What needs to be done: All lines from the one containing "In the event" through the end of the material below are to be printed exactly, both ends included, minus pictures.

Provided entries section start

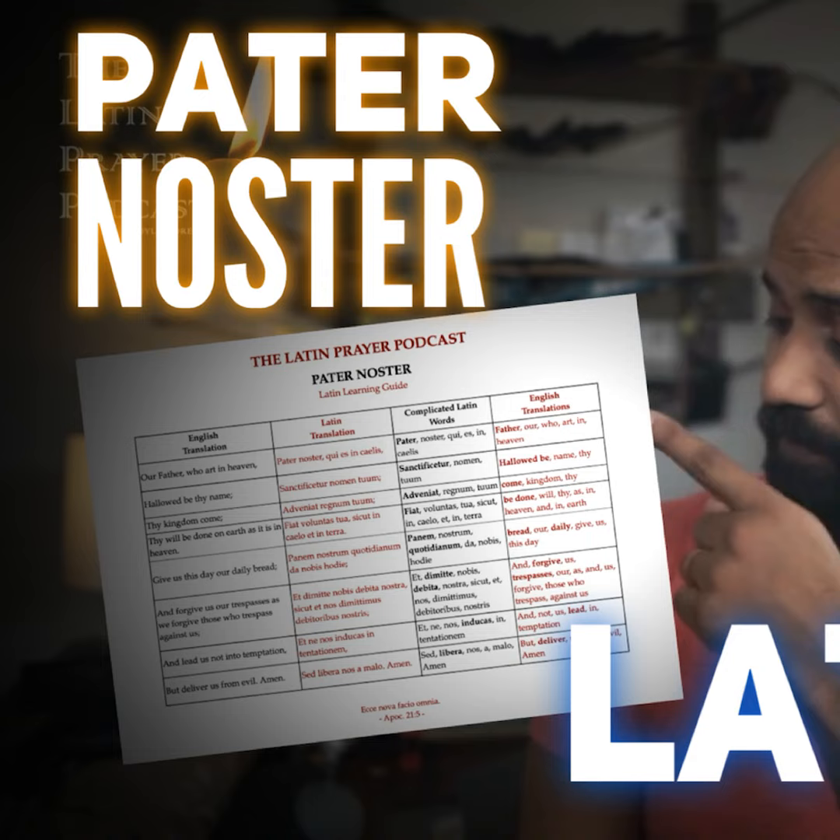Ave Maria, gratia plena, Dominus tecum, benedicta tu in mulieribus, et benedictus fructus ventris tui, Iesus. Sancta Maria, Mater Dei, ora pro nobis peccatoribus, nunc et in hora mortis nostrae. Amen. Gloria Patri et Filii et Spiritui Sancto, sicut erat in principio et nunc et semper, et in saecula saeculorum. Amen. In nomine Patris et Filii et Spiritus Sancti. Amen.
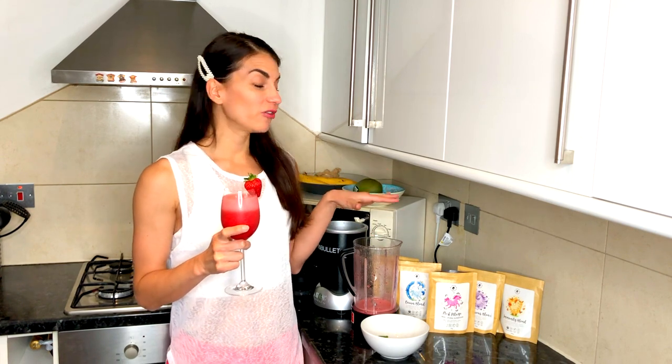And there you go. You can easily impress yourself or your guests with your healthy, nutritious, and unicorn superfood daiquiri. Hope you guys enjoy this. If you'd like to see more from Kay's Kitchen, let me know in the comments box below. I've also put a link to the unicorn superfoods in my description box so you guys can go ahead and check them out. Get a few different blends for the summer and make some cool concoctions with them.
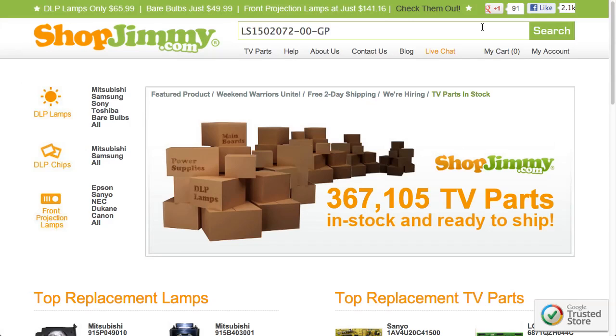Search your part number on ShopJimmy.com to find a compatible replacement. Typically, your part number will match the ShopJimmy item number.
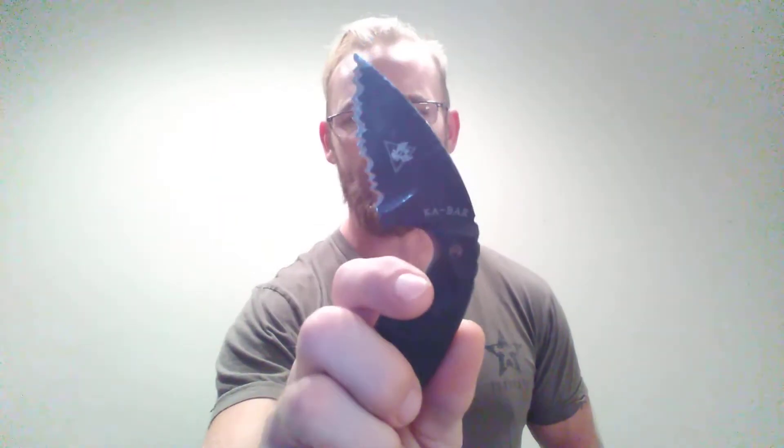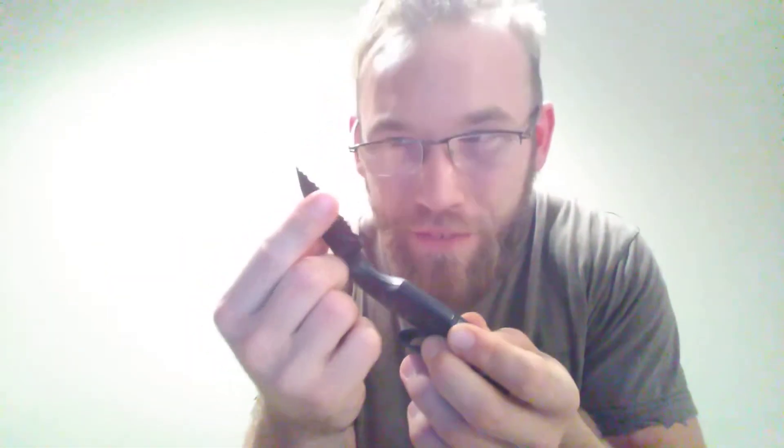Hey, what's up guys, we got an EDC video for you today. This is my KBAR TDI law enforcement serrated knife. I'm gonna start this off by saying I'm not a knife guy — in fact, knife guys weird me out. I worked in a gun store for over a year and a half, and every time I had to show someone something from the Benchmade display or the Kershaw display, I got weirded out. These dudes are obsessing over the wood grain, how sharp it is, feeling it against their skin — those guys are weirdos.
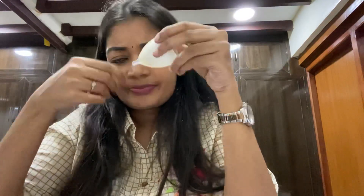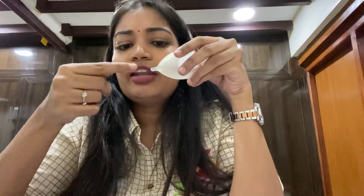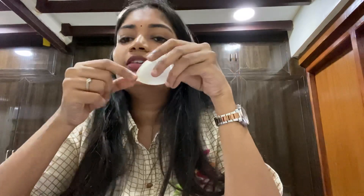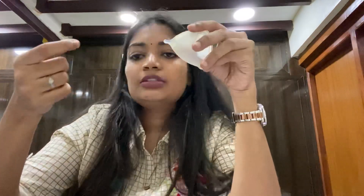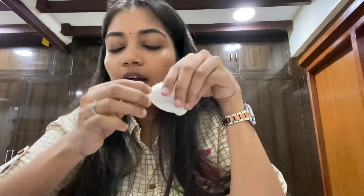If you have a stem that is uncomfortable, you can trim or cut the stem to adjust its length. Be careful not to cut too much, as it may be harder to remove the cup.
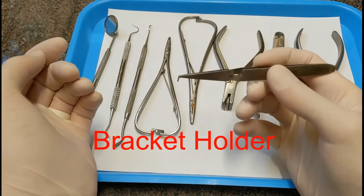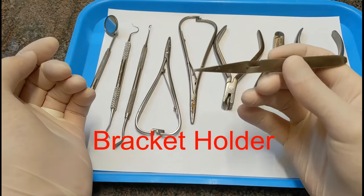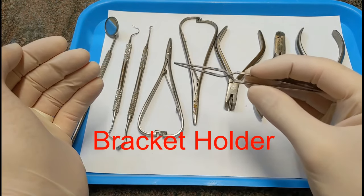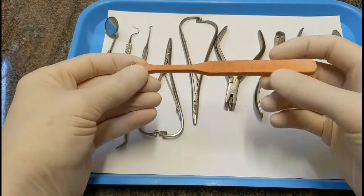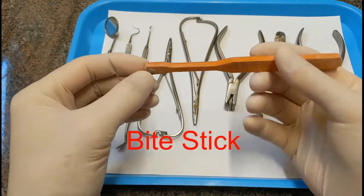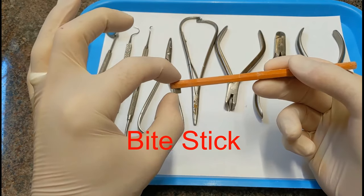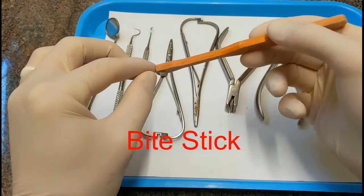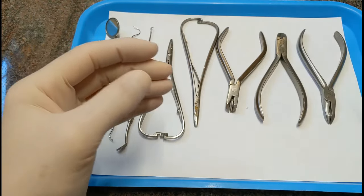This is called a bracket holder. When you squeeze it, it opens; when you let go, it closes. It's for holding brackets when placing them on the teeth — it's called a bracket positioner or bracket holder. This is called a bite stick. If you're seating bands onto the teeth, you put the band on the tooth, position the bite stick on the edge of the band, and have the patient bite down to slide the band onto the tooth. It has a triangular head you can use in different orientations to fit different parts of the tooth.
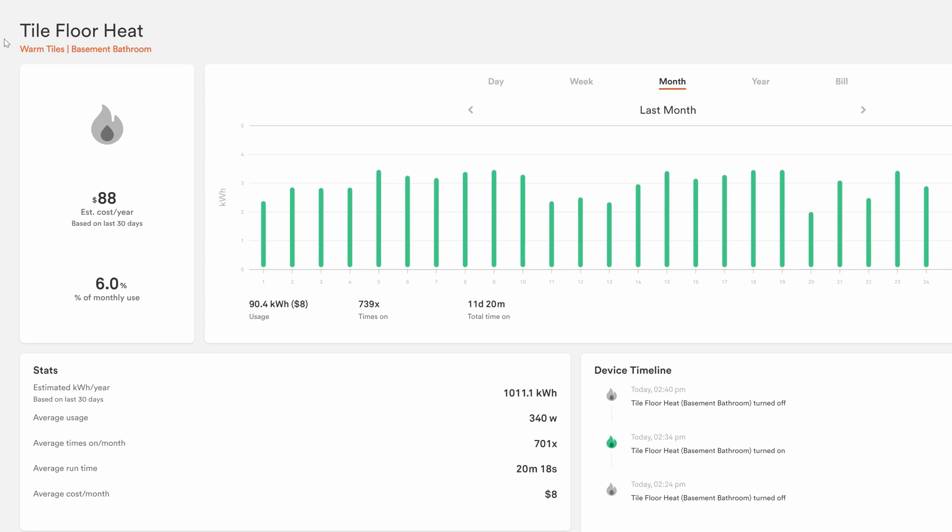Ultimately I'll have this thing controlled by rules anyway, so having a temperature display is all I need. For those curious, the system costs me about $88 a year to run according to the Sense Home Energy Monitor that I have installed — you can learn more about that in the link above.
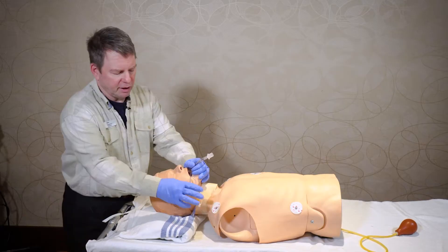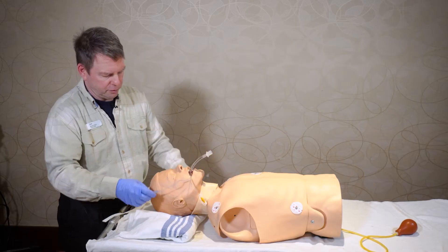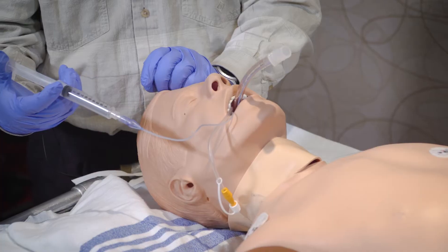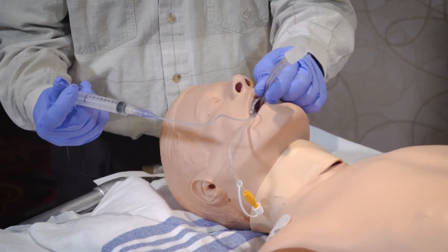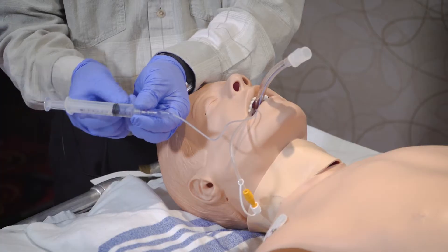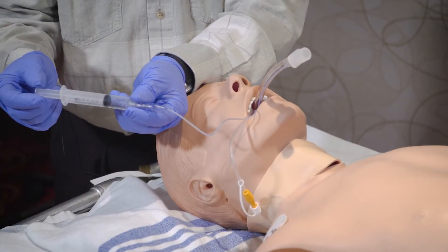This patient has just recently been intubated. When you're inflating the cuff with the syringe, you would inflate the cuff while somebody was securing the tube at the same time, and then do not leave the syringe on the cuff because if you do it will actually deflate by itself.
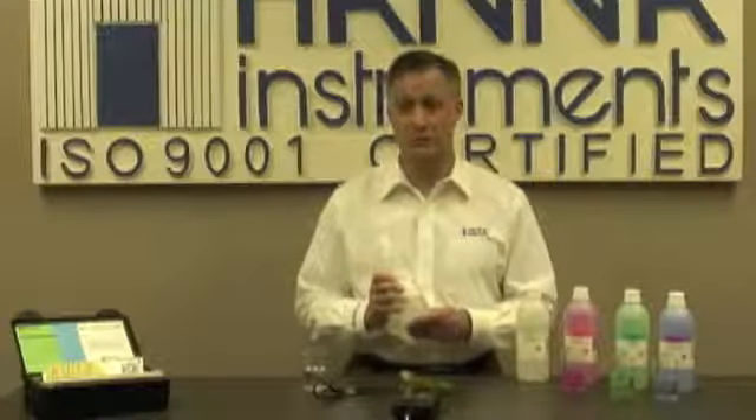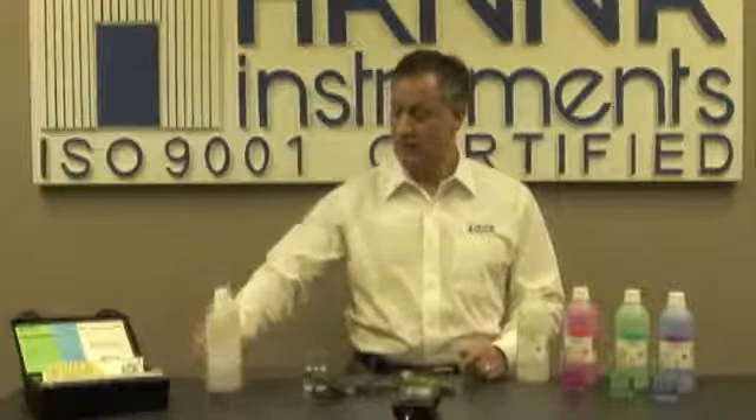In the event that you ever have drifting or erratic readings, it could be an indication that your probe is dirty. We offer cleaning solutions as well. I hope you enjoyed my demonstration of the HI-8314. If you have any questions or need additional support, please contact your local Hanna office. Thank you very much.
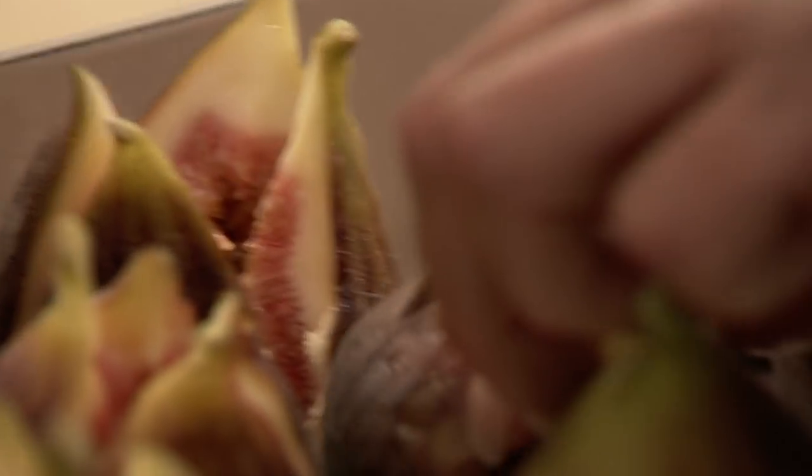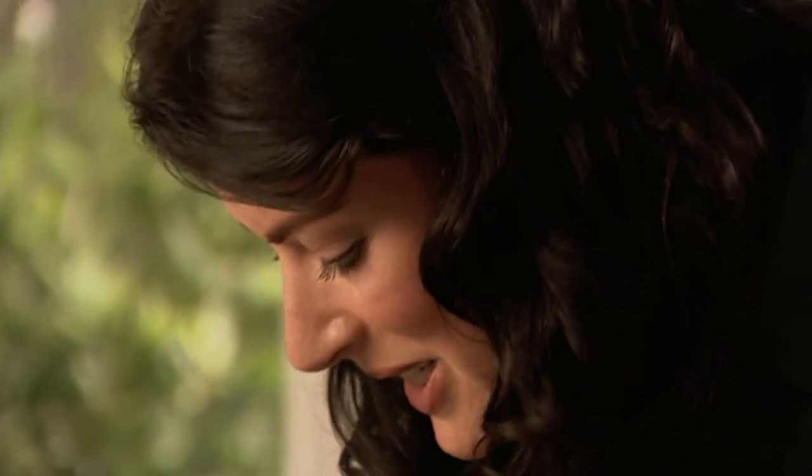So when the butter and spices have melted, slosh them into the gaping figs, blitz them in the oven, and then they will be ready to be dolloped with mascarpone and sprinkled with green, green pistachios. Perfect ending to an Indian summer supper.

Provided entries section end

Written solution:
In the event that you ever have drifting or erratic readings, it could be an indication that your probe is dirty. We offer cleaning solutions as well. I hope you enjoyed my demonstration of the HI-8314. If you have any questions or need additional support, please contact your local Hanna office. Thank you very much.
So when the butter and spices have melted, slosh them into the gaping figs, blitz them in the oven, and then they will be ready to be dolloped with mascarpone and sprinkled with green, green pistachios. Perfect ending to an Indian summer supper.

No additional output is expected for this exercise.